No tanto porque el mestizaje produzca un nuevo artefacto cultural, sino porque las marcas fìsicas de la memoria cultural colectiva cuando son meditadas siembran una singularidad de sentido. Benjamin dirá una “constelación crítica” donde es preciso que un fragmento del pasado despierte al presente.  González esboza, de esta manera, una teoría de la cultura argentina para despuntar los actos bibliotecarios en acciones culturales y creaciones intelectuales como instrumentos de intervención en la vida pública del momento político. Retomando en ello a Paul Groussac, antiguo director de la Biblioteca Nacional, Gonzalez, propone reformular la teoría bibliotecológica mediante una praxis cultural historizada de las bibliotecas públicas. Como me dijo en aquella entrevista:  “Intentamos hacer una Biblioteca que no sólo espera los lectores sino que los crea interviniendo en los debates públicos de la época”.

Liberar y federar

Si hubo en Francia una cultura de la conversación que se instruyó en los salones literarios y las noches proletarias donde se cocinaron sus revoluciones, nosotros relucimos, en nuestras llanuras, una cultura del lenguaraz -mezcla de indios y conquistadores- que debatió su revolución en tertulias criollas. Revolución que en medio de las armas pensó y fundó una “casa de libros”: una biblioteca pública con función educativa al modo de una sociedad de debate. “Los libros están a mano para dirimir disputas”, dijo su fundador Mariano Moreno. Se trató de la “ilustración popular” como una de las tácticas revolucionarias.
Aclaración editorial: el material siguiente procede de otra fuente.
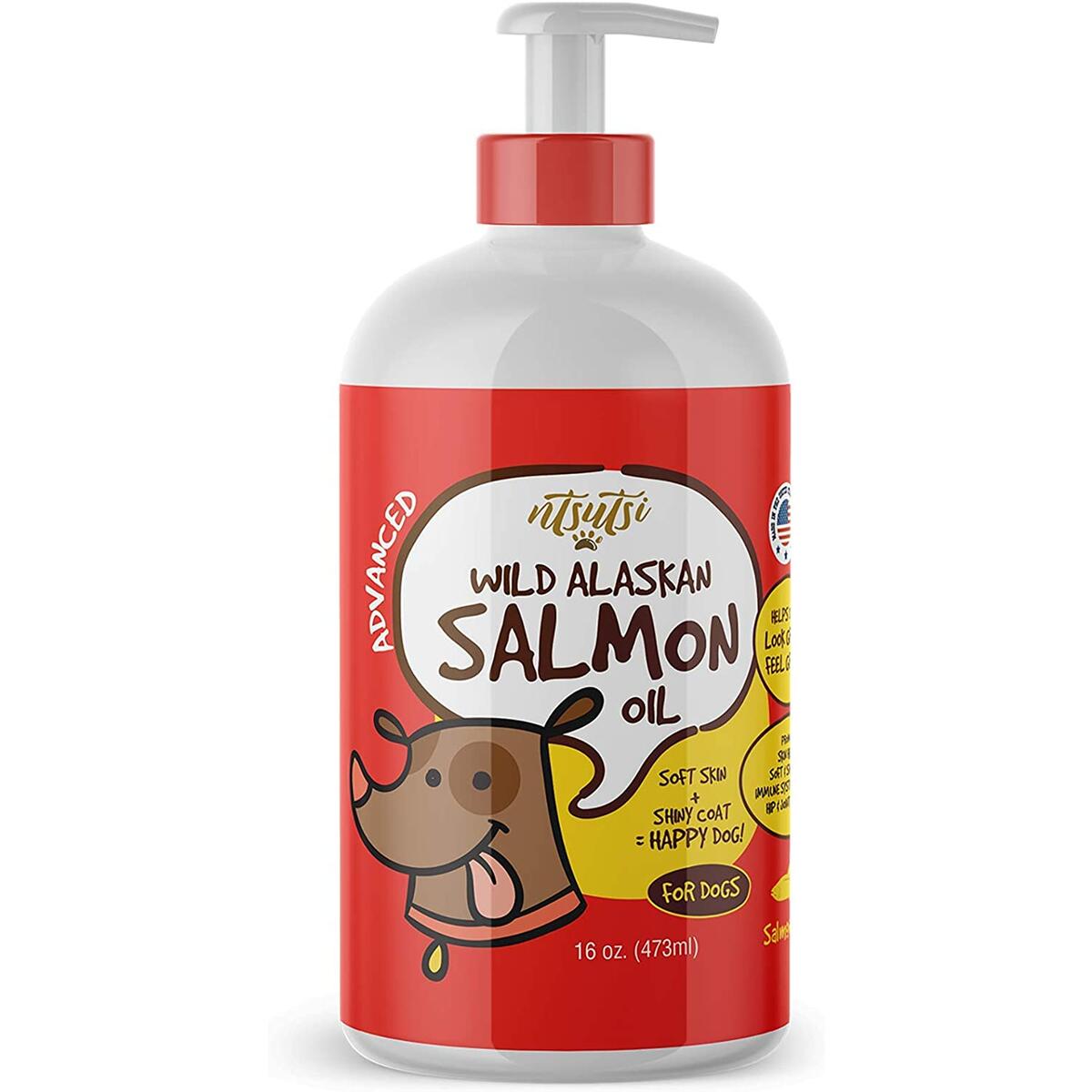Salmon Oil for Dogs & Cats - Pure Wild Alaskan Salmon Oil For Dogs 16 oz - Omega 3 & 6 Food Supplement for Dry Itchy Skin, Shedding, Dandruff & Joint Pain - For Healthy Skin + Joints & Soft Shiny Coat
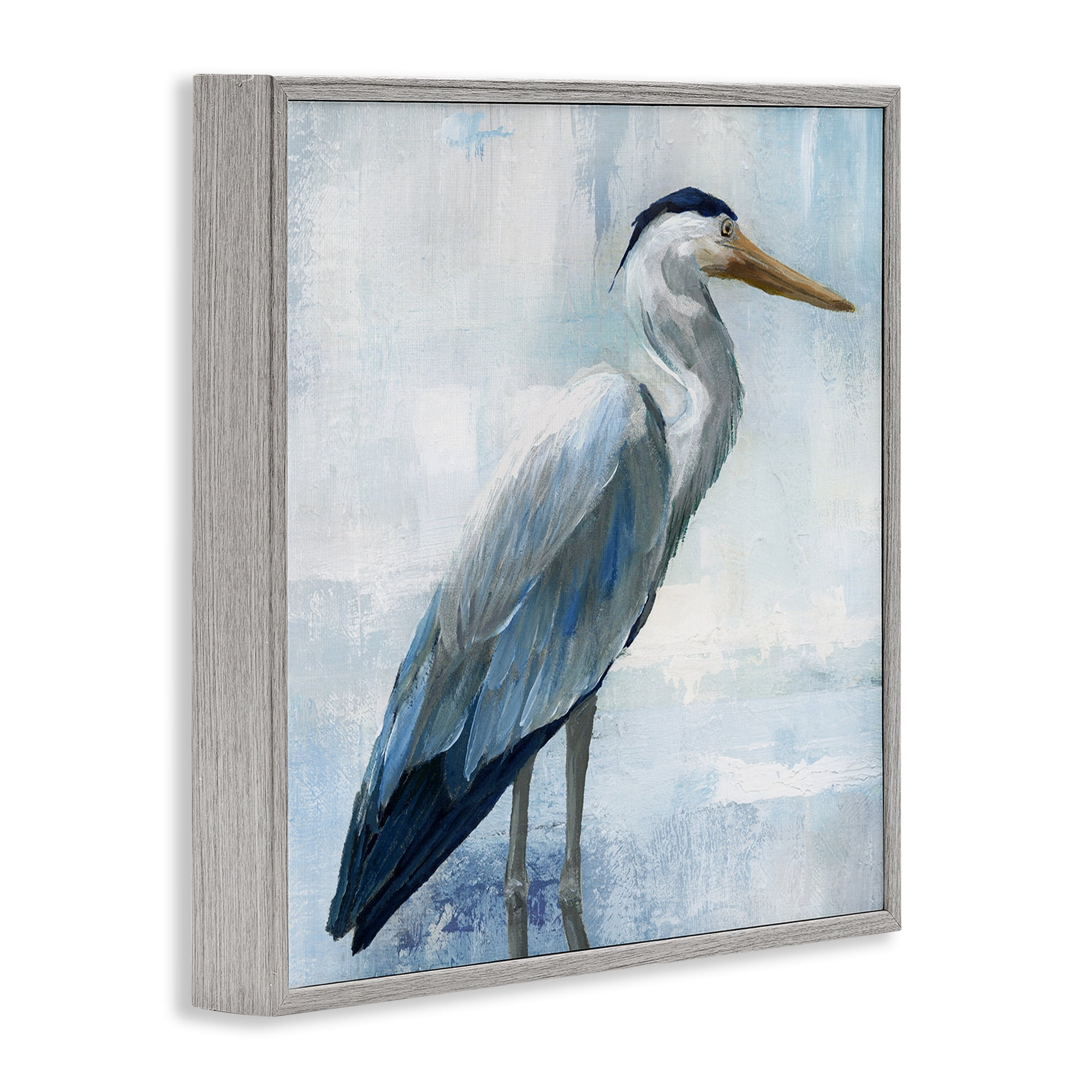 Stupell Industries Serene Blue Heron In Aqua Gray Framed Giclee Art, design by Nan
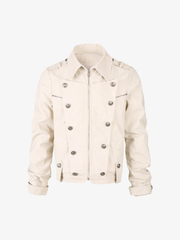 Detachable Striped-Hood Crop Jacket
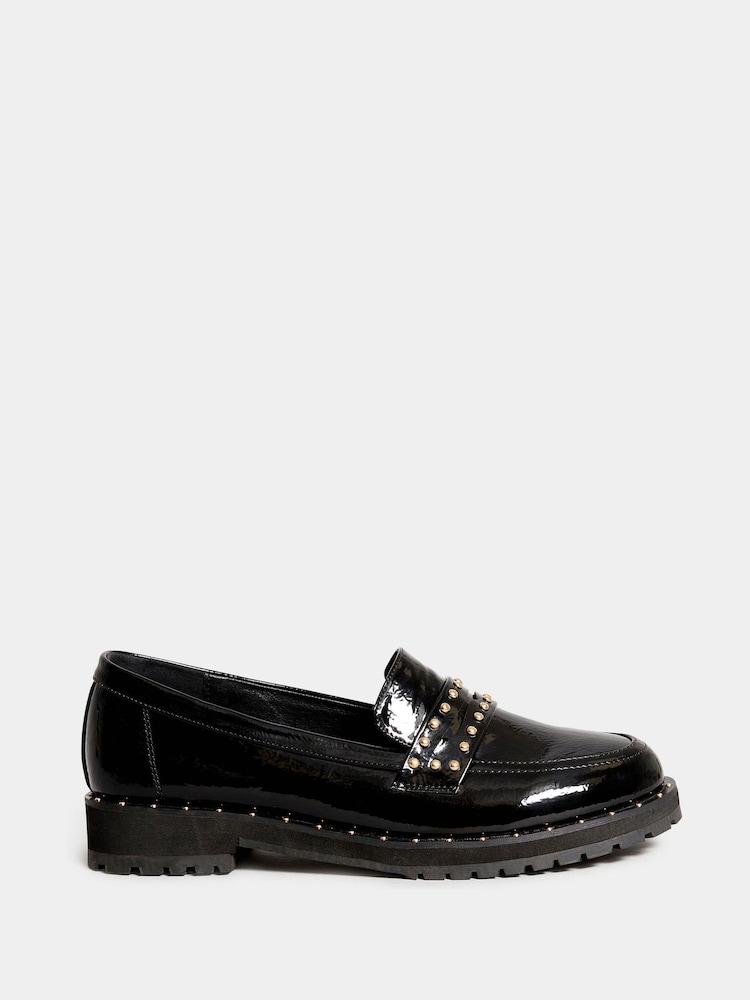 Long Tall Sally Black Studded Patent Loafers - Image 1 of 3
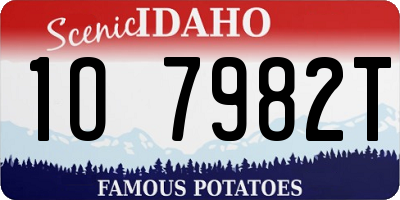ID license plate 1O7982T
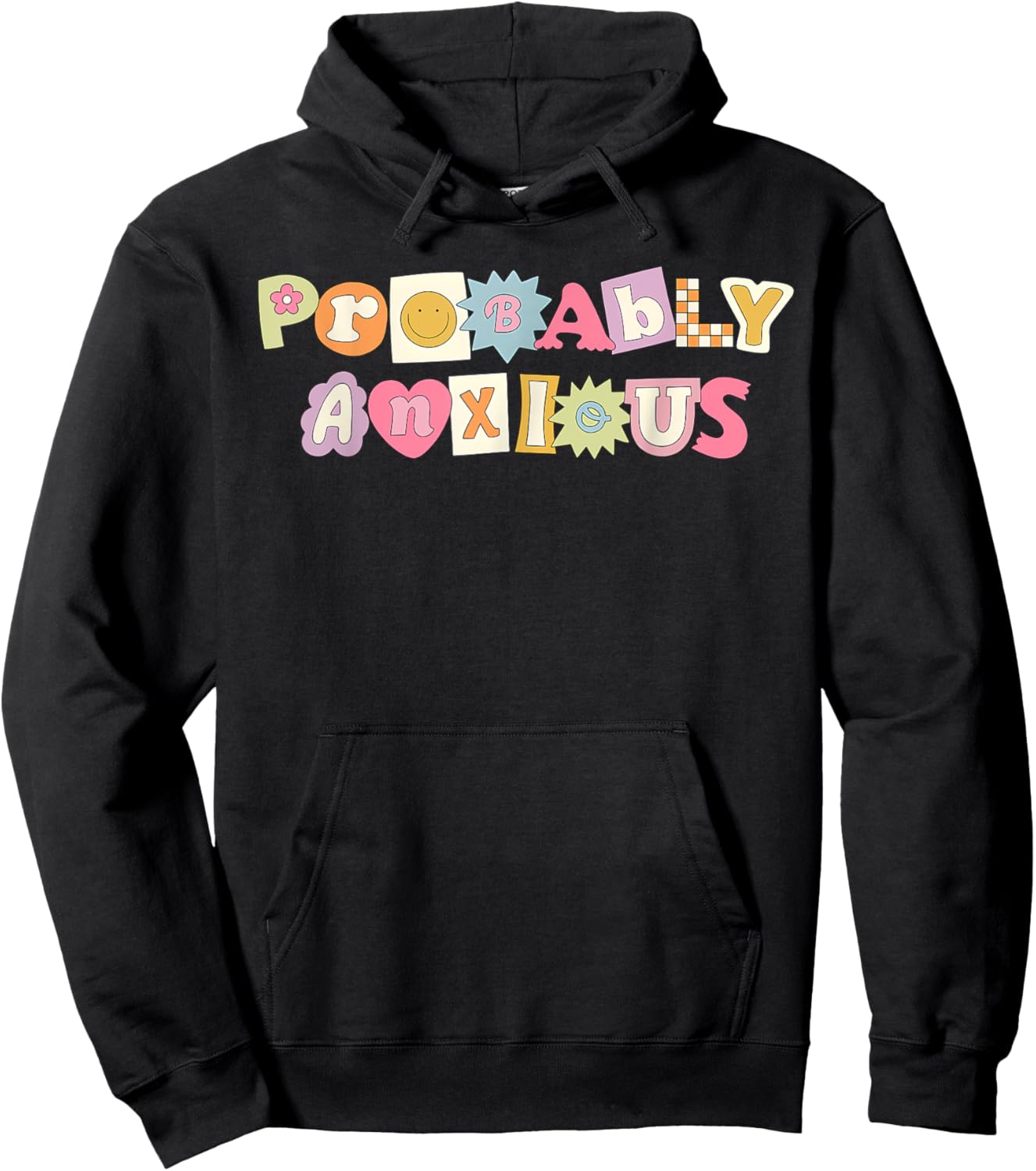 Retro Vintage Probably Anxious Funny Matching Mental Health Hoodie - Hoodie | Black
Por eso González llega a decirme que: “Una biblioteca no es contraria a una guerra”. Algo que luego ratificará en Historia de la Biblioteca Nacional: “La biblioteca surge de una interrupción excepcional, del acontecimiento impensado de la guerra, si bien es claro que las mentes cultivadas la preparaba desde antes”. En 1810 lo que hoy conocemos como el Colegio Nacional de Buenos Aires se había convertido en un cuartel y no había donde educarse. Gonzalez, me cuenta que:

Groussac se pregunta cómo es posible una biblioteca cuando esta amenazado todo el campo político, social y cultural; por qué razón en una guerra se funda una biblioteca. La subsistencia penitente de la Biblioteca Nacional durante 200 años es un intento de explicar cómo se funda una biblioteca en una guerra pero como una Biblioteca no es contraria a una guerra, no es el otro polo de la guerra; sino cómo está entrelazada con los tejidos bélicos  de cualquier mundo que le sea contemporáneo. Porque la fantasía que redea a todo biblioteca desde tiempos inmemoriales es su destrucción.
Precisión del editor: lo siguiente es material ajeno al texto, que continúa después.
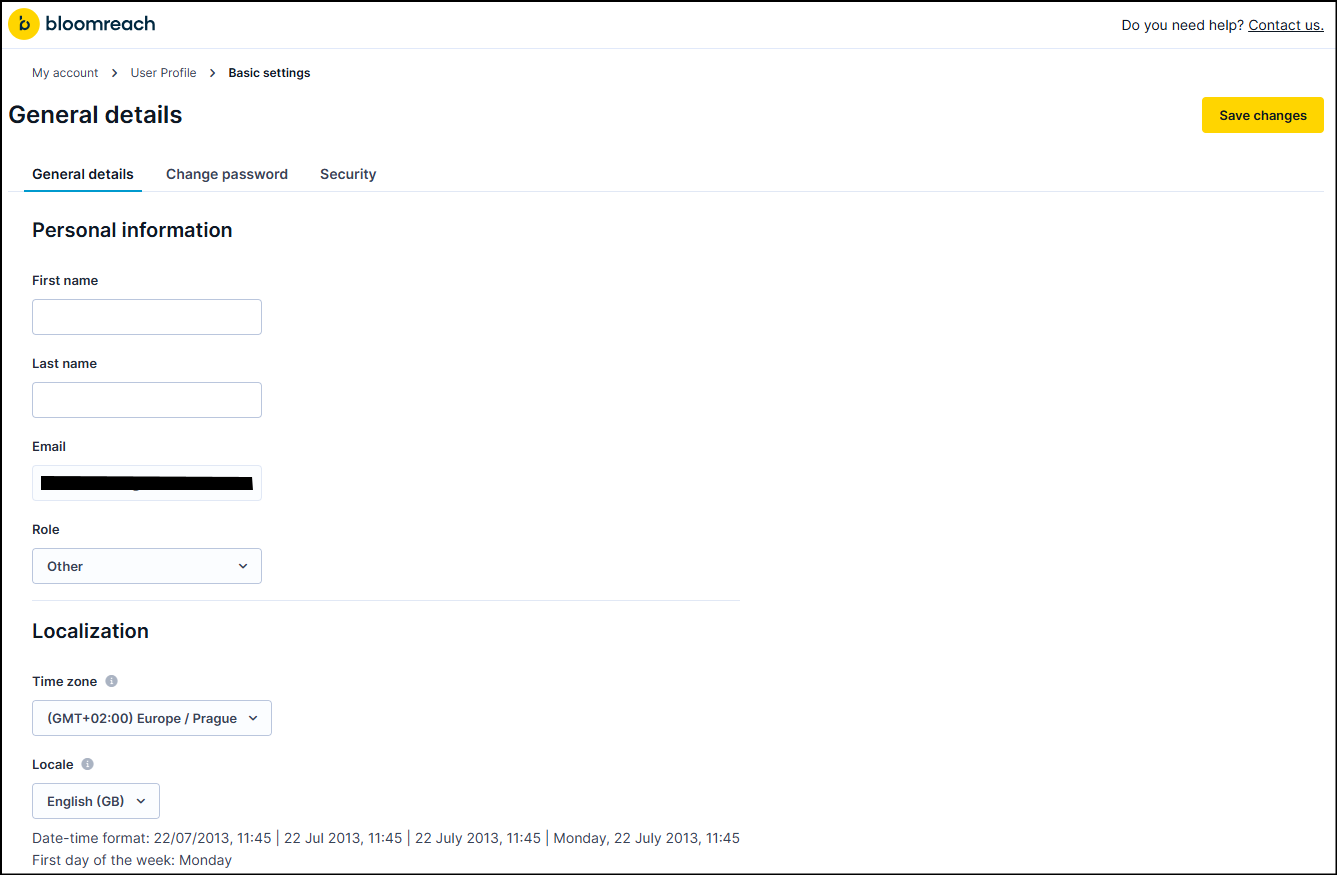 General details tab in Basic settings, showing fields for first name, last name, role, time zone, and locale.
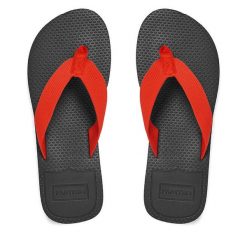 Japonki Hunter. Czerwone klapki damskie Hunter, bez wzorów, bez obcasa. Za 79.99 zł.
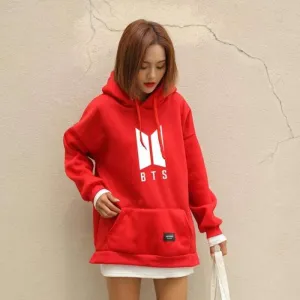 BTS Red Fleece Pullover Pocket Kangaroo Hoodie For Women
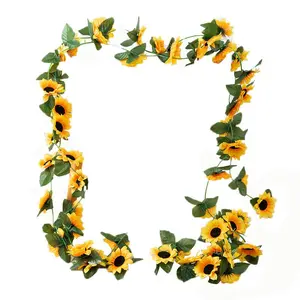 2.3m Artificial Sunflower Wreath, 2pcs/3pcs Realistic Sunflower Silk Flower Set, Party Decor, Baby Shower, Wedding, Crafts, Home Decoration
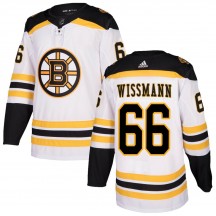 Men's Adidas Boston Bruins Kai Wissmann White Away Jersey - Authentic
Y rematando el fantasma de la bibliocastía agrega: “No se puede moralizar sobre la destrucción hay que dejar siempre flotando la hipótesis de que se puede entrar en una guerra y la biblioteca puede ser destruida”. González asume el concepto de biblioteca revolucionaria que “se basa no en la circulación de libros en los espacios de lectura y edición previsibles, sino en actos bibliotecarios, cuya validez la explica un estado de convulsión y guerra”, insiste, años después, en Historia de la Biblioteca Nacional.
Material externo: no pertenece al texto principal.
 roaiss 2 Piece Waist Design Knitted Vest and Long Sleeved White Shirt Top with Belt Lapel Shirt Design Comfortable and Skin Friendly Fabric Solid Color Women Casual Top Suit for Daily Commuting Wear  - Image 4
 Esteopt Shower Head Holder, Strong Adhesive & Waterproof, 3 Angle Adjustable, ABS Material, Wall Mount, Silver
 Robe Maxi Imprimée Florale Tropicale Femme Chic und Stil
En una dirección morenista, groussaquiana y nacional popular al mismo tiempo, lo que González verifica es el “estado de una polémica”: si hay un lector, hay un espectador de una historia, que también protagoniza. La Biblioteca actúa como archivo imaginante de los ciclos históricos de la nación y sus proyectos de emancipación. La praxis cultural de la Biblioteca bien podría ser una “iluminación profana” que despierte las políticas culturales oficiales del ciclo kirchnerista.       

* Texto publicado en el revista Mancilla Nº 2, abril 2012.